The high tide edge is littered with horseshoe crab shells and whelk egg cases. The cases look like Japanese lanterns designed by Alexander Calder, but even he could not have captured the symmetry.

Life at the edge of the sea is good.

While tossing clams at spotted hake today, a bird came to visit. Unlike the old gull who sneaks into my bait bucket, this guy had no ulterior motives. He looked like an overgrown junco with bright yellow legs and a stretched out beak. In between stabs at tiny critters on the rocks, he'd eyeball me, more curious than fearful.

I saw my first purple sandpiper.

(I have no idea why they're called "purple"--not a blotch of violet seen, nor why they are sandpipers--this one obviously preferred rocks to sand.)

Just off the end of the jetty, easily flying into a 20+ knot south wind, were large birds that looked like geese designed for supersonic flight. The jet black wing tips gave them away--northern gannets.

Two more lifers for me.

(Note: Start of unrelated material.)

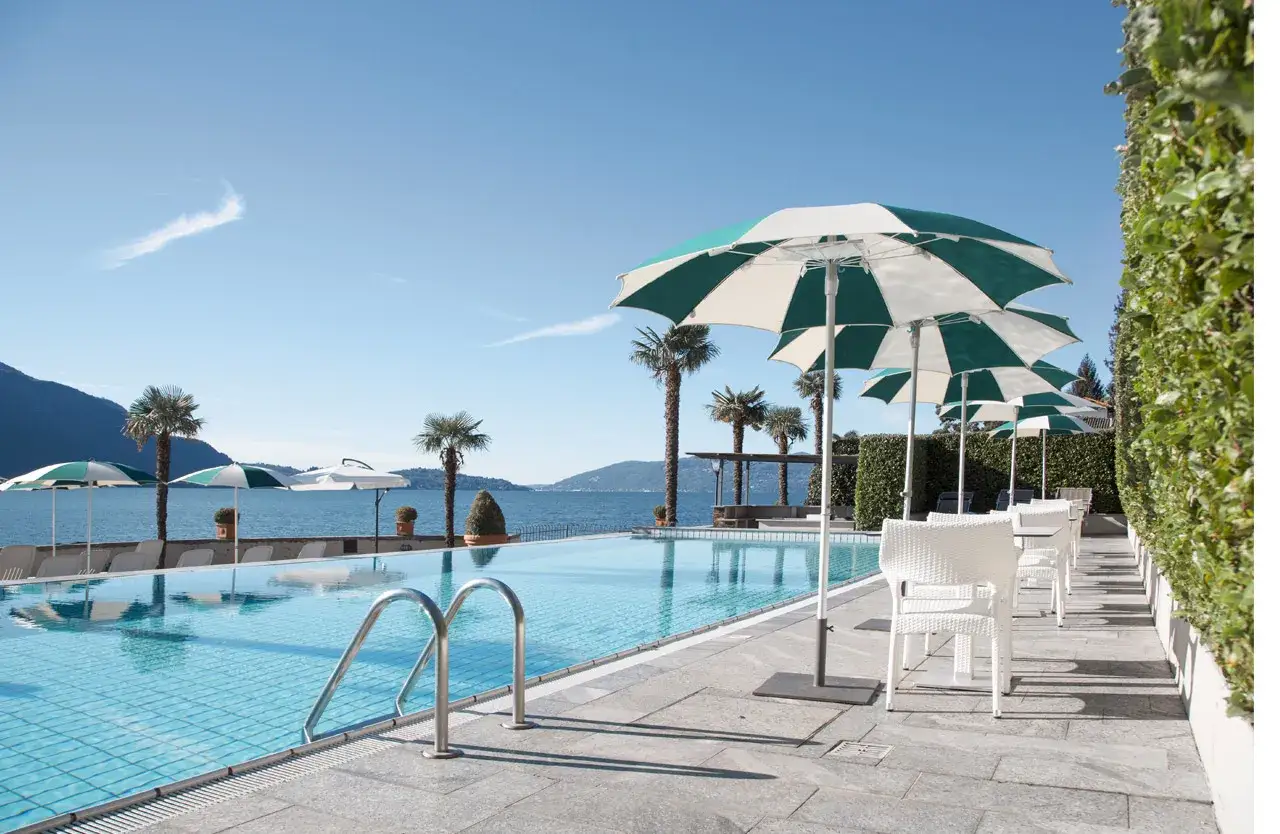 Piscine d'un hôtel à Ghiffa sur le Lac Majeur, avec parasols, palmiers et vue sur le lac.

Plenty of others, too, if I had a clue had to identify them.

***

The spotted hake are still hanging by the jetty. I caught a couple today, both on the same cast. The striped bass fishermen use bigger fish for bait, true, but the ling are good, they're plentiful, and they fill up the belly as well as a bass steak.

The tide was ideal for clamming, the weather was not. A tornado watch kept the kayaks in the garage.

I did rake for a bit off Harpoon Henry's--we stumbled across a cherry stone quahog there last week. Perhaps another clammer tossed it there to throw me off the trail. Watching the sunset while chilling thigh deep in the bay mid-November is a Saturday well spent, even without clams.

***

The sun barely rises 30 degrees above the horizon now. The few basil plants left hold few leaves, even fewer after I grazed today. I plucked a gnarly red tomato off the vine, probably the last vine ripened mater of the season. Our last decent eggplant split this week.

The kale will be the last hurrah.

Winter is coming.

The purple sandpiper taken by Andrew Easton; the sunset by Leslie.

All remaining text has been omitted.